MONICELLI: J’ai été mis en contact avec le Parti socialiste clandestin. Je recevais de temps en temps un coup de téléphone qui m’invitait à me rendre à une certaine adresse où en général, on me donnait des tracts à livrer à une autre adresse. En réalité, de cette manière, on ne faisait rien, et moi non plus je ne savais pas bien à qui je faisais référence. Mais c’était comme cela à Rome, la résistance a surtout été un fait politique.
L’église Santa Maria ai Monti, au bout de la via dei Serpenti

L’église Santa Maria ai Monti, au bout de la via dei Serpenti

Votre militantisme laïque et de gauche, de l’après-guerre à aujourd’hui, ne vous a pas empêché d’être très ami d’un chrétien comme Alberto Sordi…
MONICELLI: C’est vrai. Mais plus qu’un chrétien, Sordi était vraiment un catholique convaincu, un catholique disons…“vatican”. Il ne parlait pas souvent de religion, et de toute façon, nos divergences politiques ou religieuses n’ont jamais constitué un obstacle à notre amitié, qui a été longue et durable. Certes, il était considéré comme “avare”, au moins d’un certain point de vue… alors qu’au contraire, il donnait beaucoup d’argent à des associations de bienfaisance et d’assistance aux enfants et aux malades. Peut-être le faisait-il pour s’acquérir les bonnes grâces de quelqu’un, je ne sais pas. Mais je sais qu’au cours de sa vie, il a donné des milliards.
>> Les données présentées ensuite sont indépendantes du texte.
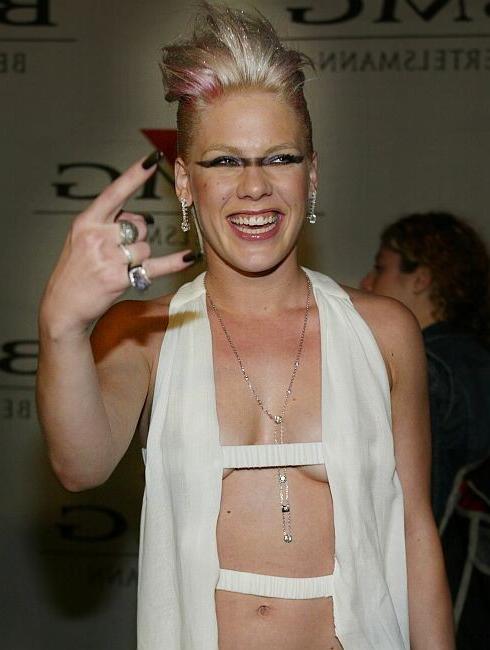 15P hardcore rocker Pink in several see thru dresses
Y a-t-il un film pour lequel vous avez une prédilection?
MONICELLI: Oui, mais ce n’est pas un des miens. Le film qui m’a le plus frappé, dans l’absolu, – et c’est aussi celui que j’ai fait voir d’innombrables fois à mes collaborateurs lorsque je travaillais à mes propres films –, c’est Francesco, giullare di Dio, [Onze fioretti de François d’Assise] de Rossellini. Un film ultra simple, élémentaire, et d’allure aussi, si l’on veut, un peu brinquebalante, comme l’était parfois ce que faisait Rossellini. Mais lui, il savait toujours bien les faire, ces choses, en mélangeant des acteurs pris dans la rue et les grands professionnels comme Fabrizi. Et là, il racontait simplement l’histoire de ces poverelli qui suivaient François, la leçon de Dieu, la prière, et leur rencontre avec d’autres poverelli. Rien de plus. Et pourtant, il y a dans ce film une tendresse et une humilité qui m’ont toujours frappé.
Peut-on dire, par exemple, qu’il y a un peu de cette tendresse dans la manière dont vous racontez la procession de la Madone dans ce dernier court-métrage?
MONICELLI: Ça, je ne sais pas, et je ne sais même pas si la Rome, encore aimable et pleine d’humanité que je raconte dans ces vingt minutes, est vraiment la Rome d’aujourd’hui. Mais, vous voyez, vous parliez tout à l’heure de regard. Non, ce n’est pas une question de regard: la procession est une procession. Il suffit de savoir où elle passe, de se mettre au bon endroit, par exemple en haut, sur un balcon, et d’attendre qu’elle arrive.